Web page caption snippets:
====
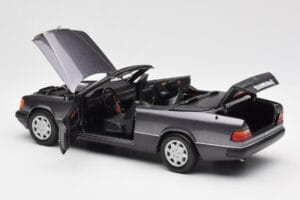 Mercedes 300 CE-24 W124 Cabriolet Violeta Metallic Norev 1:18 183567 Metal - imagem 7 de 10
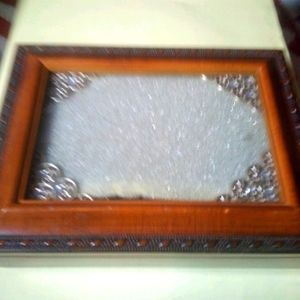 Sankyo Wind up vintage   Musical Jewelry case. Plays Brahms Lullaby.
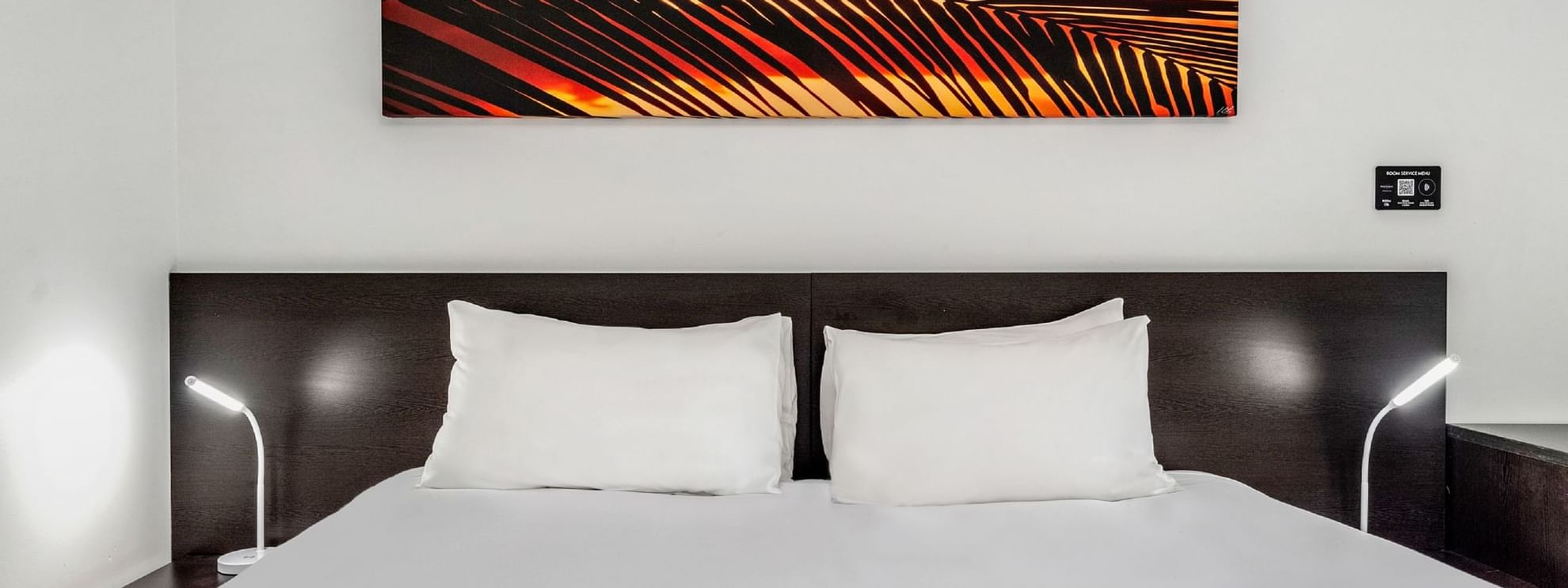 Superior Room featuring a comfortable king-size bed and bedside lamps.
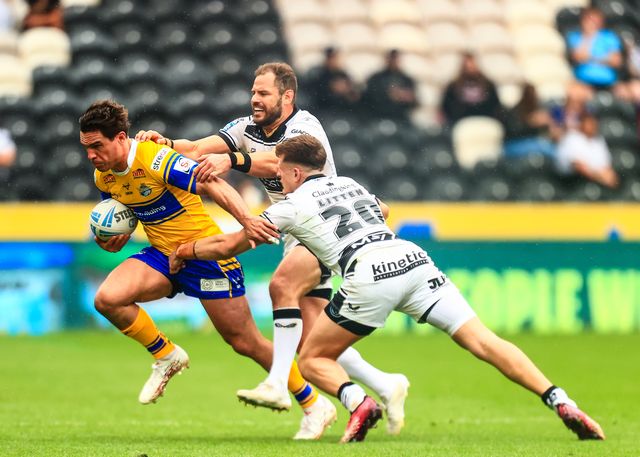 Brodie Croft of Leeds Rhinos in action during the Betfred Super League Round 24 match Hull FC vs Leeds Rhinos at MKM Stadium, Hull, United Kingdom, 30th August 2025

(Photo by Richard Bierton/News Images)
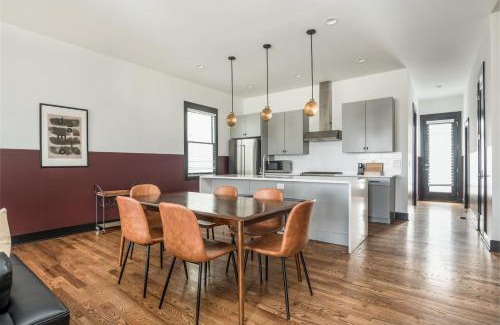 Buena Vista House | Patsy Emmylou by AvantStay Stylish 2 Home Buyout in Heart of Nashville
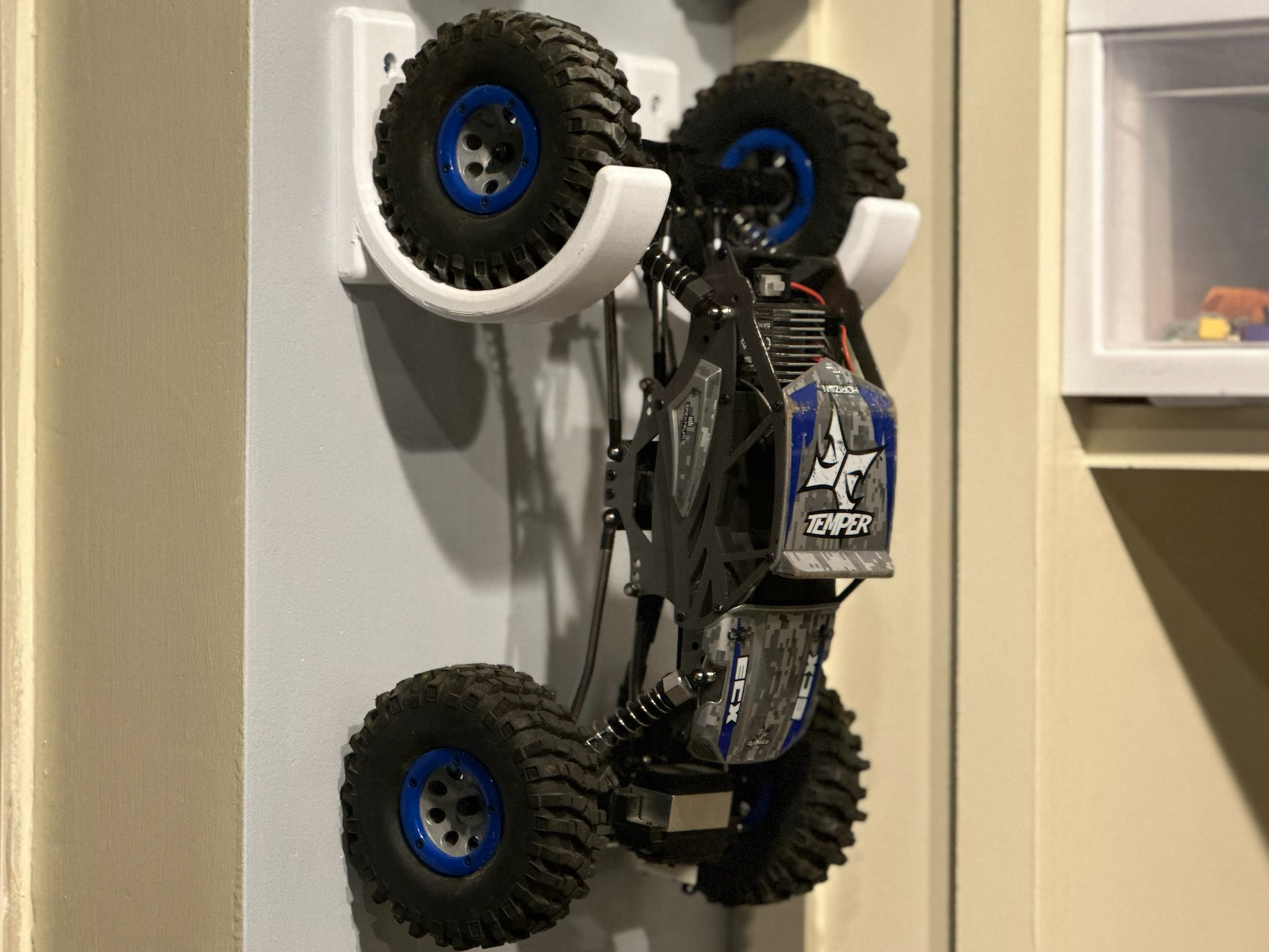 Wheel Hook for RC Car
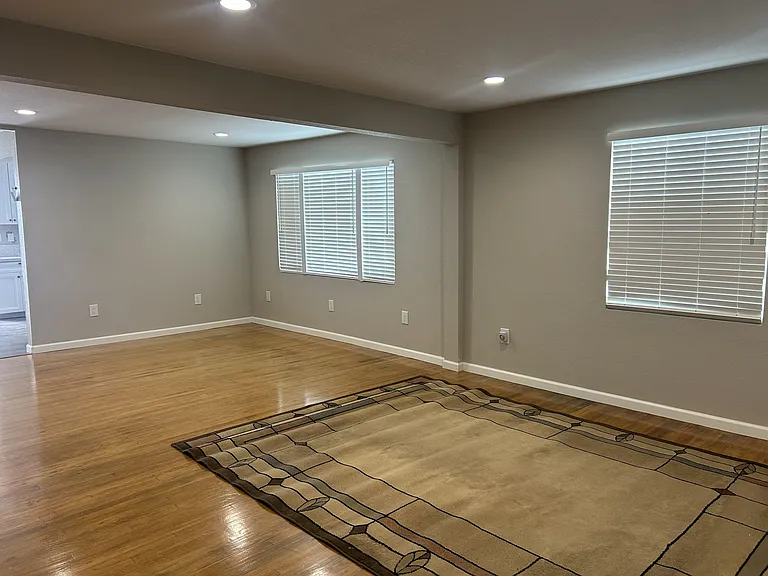 506 N Claudina St — Photo 11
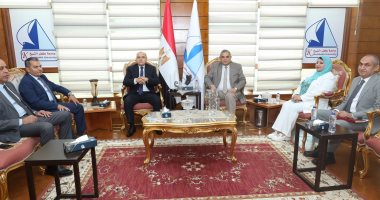 محافظ كفر الشيخ: دعم كامل للتعليم العالى وتكامل تنموى لأهالى المحافظة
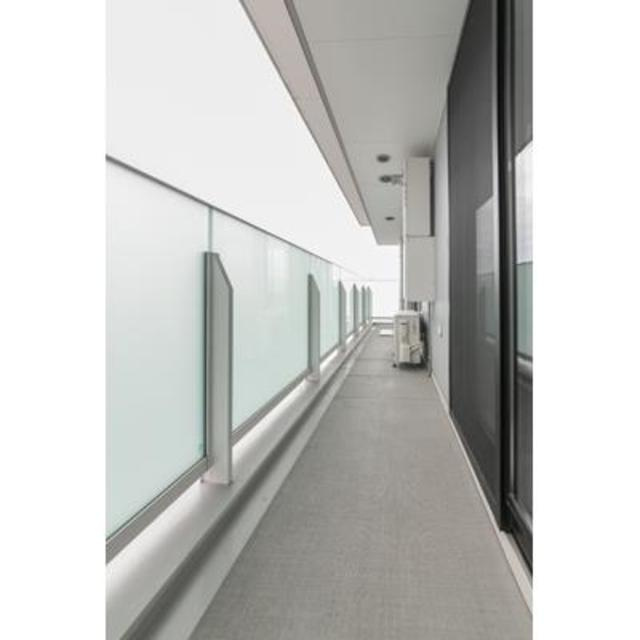 メルクマール京王笹塚レジデンスのバルコニー|※写真は同タイプ住戸です。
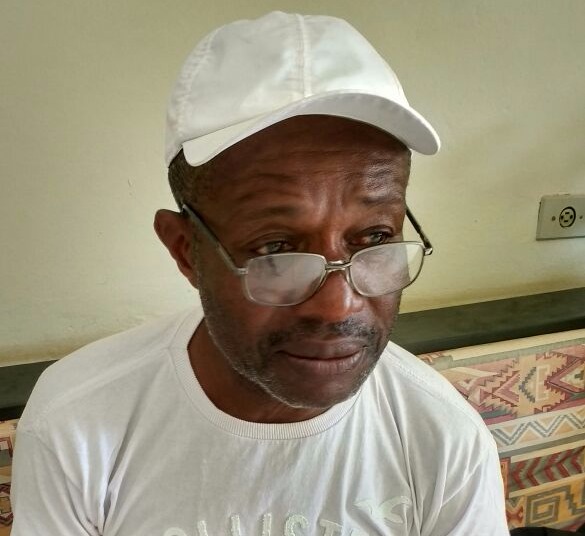 Jorge dos Santos está desempregado e doente (Foto: Nelson Roberto da Silva)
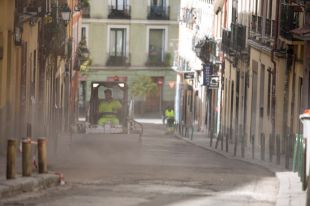 Hasta el otoño y más allá: encalla "la mayor operación asfalto de la historia"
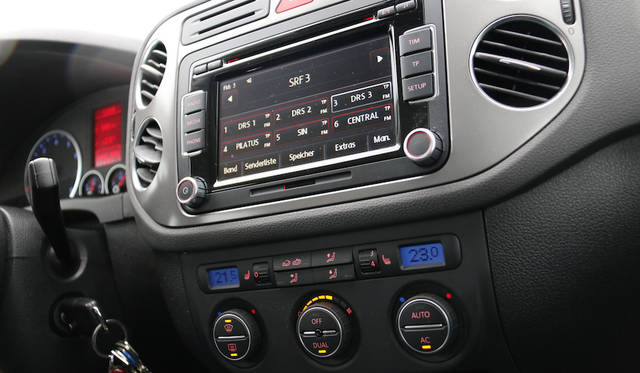 スイス中部のルツェルンでは、スイス/ドイツ双方のラジオ局を受信できる。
====
The answer must be the lines above, word for word, from the first one through the line with "محافظ كفر الشيخ: دعم", pictures excluded.

### Task result
 Mercedes 300 CE-24 W124 Cabriolet Violeta Metallic Norev 1:18 183567 Metal - imagem 7 de 10
 Sankyo Wind up vintage   Musical Jewelry case. Plays Brahms Lullaby.
 Superior Room featuring a comfortable king-size bed and bedside lamps.
 Brodie Croft of Leeds Rhinos in action during the Betfred Super League Round 24 match Hull FC vs Leeds Rhinos at MKM Stadium, Hull, United Kingdom, 30th August 2025

(Photo by Richard Bierton/News Images)
 Buena Vista House | Patsy Emmylou by AvantStay Stylish 2 Home Buyout in Heart of Nashville
 Wheel Hook for RC Car
 506 N Claudina St — Photo 11
 محافظ كفر الشيخ: دعم كامل للتعليم العالى وتكامل تنموى لأهالى المحافظة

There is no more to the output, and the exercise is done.